The average user is not purchasing a MacPro. I agree, the Mac Mini, in need of an update too, but I think most Mac users are primarily happy with the iMac. The iMac was updated last year with Skylake and that represents probably the majority of "desktop" Mac users. It was the category that brought back Apple to life in 1998. The Mac Pro is a niche device and Apple is obviously not enthused about the Pro market like they use to be. Look at the state of their Pro apps. Fincal Cut X has pretty much fallen behind and overwhelmed by a renewed Adobe Premier. What is the state of Motion, Aperture and Logic? Some of these apps don't even need a 3,500 dollar computer.

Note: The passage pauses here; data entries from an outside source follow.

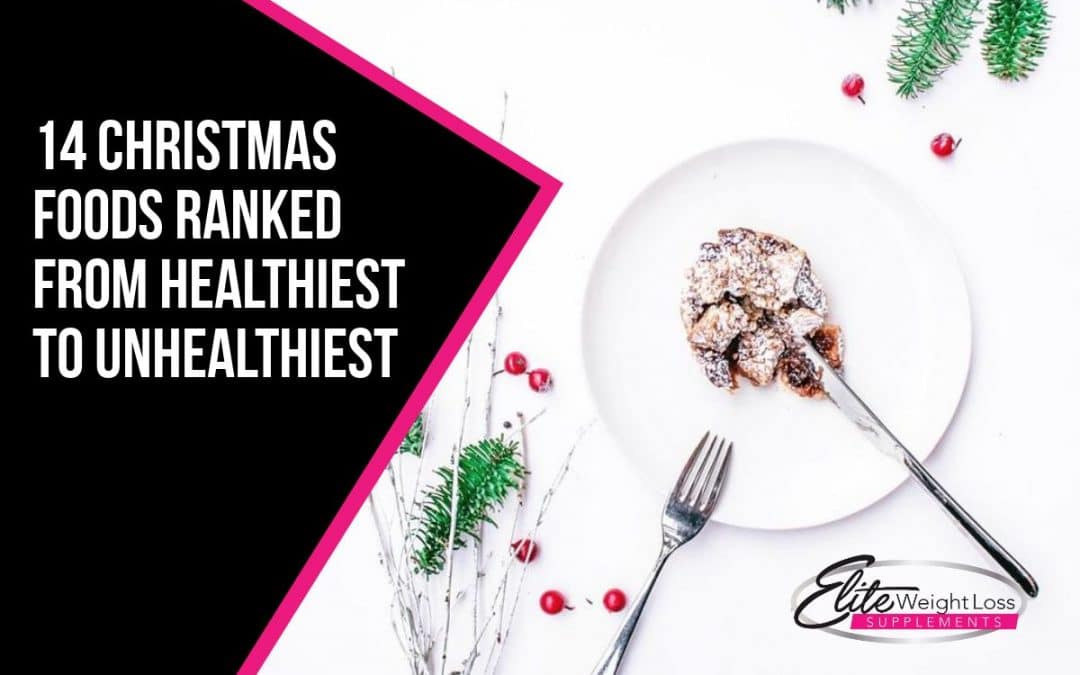 14 Christmas foods ranked from healthiest to unhealthiest
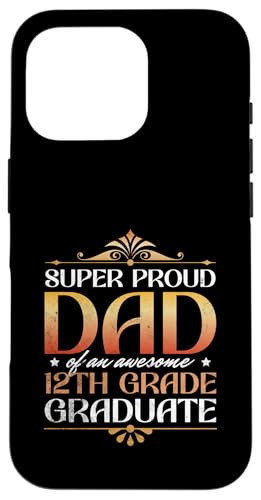 Super stolzer Vater von großartigen Eltern mit Abschluss der 12. Klasse Hülle für iPhone 16 Pro von Happy Last Day of School Outfit Gifts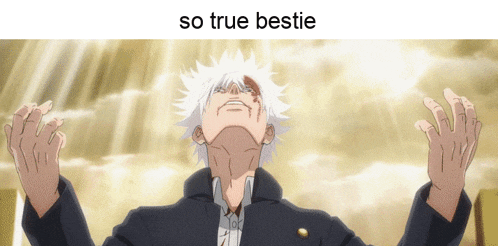 a picture of a man with white hair and the words so true bestie above him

An entry level Mac is more than suitable for what most pro users need for getting the job done. Sometimes users are a bit caught up in the feeds and speeds propaganda out there. Remember, this was something Apple debunked a lot up to the time they switched to Intel. There are still many users getting by just fine on a 2011 Mini or 2010 MacBook Pro. The market is saturated. There isn't an overwhelming need for an update, but from a value for money perspective, many just want Apple to match up with their Windows counterparts.
 
I wonder if the delay between updates was Apple taking the opportunity to say "**** it" to Intel, and building new MacBooks around their own processors. The leaps they've made with the A series in recent years have been incredible, and if they're truly "desktop class" performers with incredible power efficiency, they could be onto something.